Com Sci 230

Homeworks for Spring 1998

Nachos Project #2
Due 29 April 1998
Thread Synchronization

Last modified: Tue Apr 21 21:35:57 CDT

Project #2 is due on Wednesday, 29 April 1998, at 7:30 AM. Use the submit-project Project_2 command to hand in your work as you did in the revised procedures for Project #1. Submit as often as you like up until the deadline. I will evaluate only your last submission, which will wipe out all the previous ones in my directory. Please submit only work that is complete in terms of organization, internal documentation, and explanatory writing. But, you may submit work that implements only a part of the project step, or which has errors in functionality, as long as you explain the incompleteness and/or errors.

Basic goals

In this project, you must take the thread system defined in the initial version of Nachos, complete the synchronization primitives, and use these primitives to solve several problems in concurrent programming. Since we are not yet using the MIPS instruction interpreter, and are not assigning user address spaces, there are no user programs involved in this assignment. But, to test the synchronization primitives, you will need to write functions that behave like user programs, at least as far as their concurrent behavior is involved.

Testing your concurrent programs

In order to test your concurrent programs, you need to run them with a lot of different interleaved orderings. To support such testing, nachos with the option -rs provides pseudorandom timer interrupts to jumble up the order of execution of concurrent threads. But, because of the two-level structure of Nachos, the way in which nachos provides these interrupts is somewhat artificial looking, and requires some programming effort from you in order to let it happen.

nachos -rs starts a simulated timer, and sets interrupts for pseudorandomly chosen intervals. Whenever a timer interrupt is triggered, the initial Nachos code calls TimerInterruptHandler in system.cc, which Yields the CPU. But, "time" in Nachos is simulated.
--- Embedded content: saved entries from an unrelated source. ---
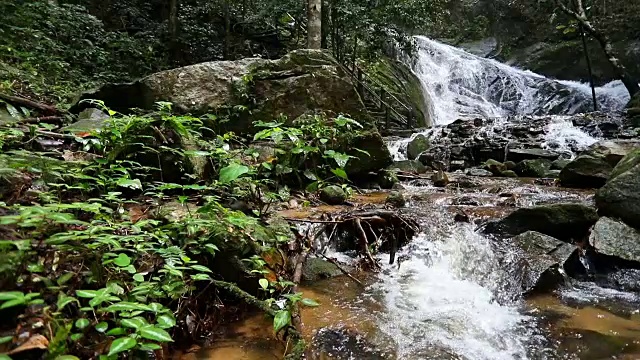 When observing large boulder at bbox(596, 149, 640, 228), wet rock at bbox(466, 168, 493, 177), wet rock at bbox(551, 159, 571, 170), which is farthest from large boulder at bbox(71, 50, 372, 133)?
wet rock at bbox(551, 159, 571, 170)

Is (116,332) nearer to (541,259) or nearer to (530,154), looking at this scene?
(541,259)

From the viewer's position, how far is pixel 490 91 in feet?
59.8

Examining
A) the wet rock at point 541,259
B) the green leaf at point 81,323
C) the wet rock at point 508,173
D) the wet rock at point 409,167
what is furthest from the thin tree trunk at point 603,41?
the green leaf at point 81,323

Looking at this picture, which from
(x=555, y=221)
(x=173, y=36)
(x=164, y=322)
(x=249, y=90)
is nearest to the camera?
(x=164, y=322)

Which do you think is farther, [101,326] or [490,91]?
[490,91]

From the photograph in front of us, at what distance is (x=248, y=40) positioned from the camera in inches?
537

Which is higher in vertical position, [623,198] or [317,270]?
[623,198]

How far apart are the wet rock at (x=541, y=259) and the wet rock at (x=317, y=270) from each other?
1429 millimetres

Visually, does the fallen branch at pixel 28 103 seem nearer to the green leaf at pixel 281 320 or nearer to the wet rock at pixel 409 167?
the green leaf at pixel 281 320

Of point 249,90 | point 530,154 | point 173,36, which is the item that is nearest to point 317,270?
point 249,90

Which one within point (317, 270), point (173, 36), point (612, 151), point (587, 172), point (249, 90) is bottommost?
point (317, 270)

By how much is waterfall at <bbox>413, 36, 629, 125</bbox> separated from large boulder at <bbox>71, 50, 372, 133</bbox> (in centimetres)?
1122

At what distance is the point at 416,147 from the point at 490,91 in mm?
9285

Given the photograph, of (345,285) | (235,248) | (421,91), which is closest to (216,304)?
(235,248)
The clock ticks once whenever there is a call to Interrupt::OneTick in interrupt.cc. In simulated MIPS code, OneTick is called after every simulated machine instruction. But, in non-MIPS code, it may never get called unless the code explicitly causes it. In the initial Nachos code, OneTick is called from the OS only when interrupts are re-enabled, after having been off. The call interrupt->Enable(), which sets the interrupt state to IntOn, will only cause a clock tick when the previous interrupt state was IntOff.

In order to test your concurrent programming thoroughly, you may need to add some clock ticks to provide more opportunities for timer interrupts. OneTick appears to assume, without checking, that interrupts are enabled. Make sure that you only tick the clock in portions of your code where interrupts are guaranteed to be enabled. Insert interrupt->OneTick wherever there is a chance that the interleaving of another thread could cause trouble.

When you are ready to do a concurrent test, and have compiled your code, give the command nachos -rs seed, where seed is any integer. seed provides a starting value for the pseudorandom number generator. Every time you call the same version of nachos with the same seed, you will see the same results. This is a huge advantage for debugging. In order to test thoroughly, you should run the same program with several different seeds. You may also decide to create specific patterns of interleaving using explicit calls to Yield.

General requirements

These requirements hold for Project #2 and for all subsequent project steps.

In all of the following tasks, you must write well structured and documented C++ code, defining the key concepts in terms of classes. Use the formatting conventions in the initial Nachos code for indentation, placement of comments, etc. Use the conventions described in the C++ Introduction for your variable names.

It is your responsibility to provide good demonstration inputs that make it clear to me how your code works. You should put as much effort into the demonstration as into the code itself. I will not be impressed by large numbers of redundant tests, but only by systematically convincing tests that exercise the key features of your code.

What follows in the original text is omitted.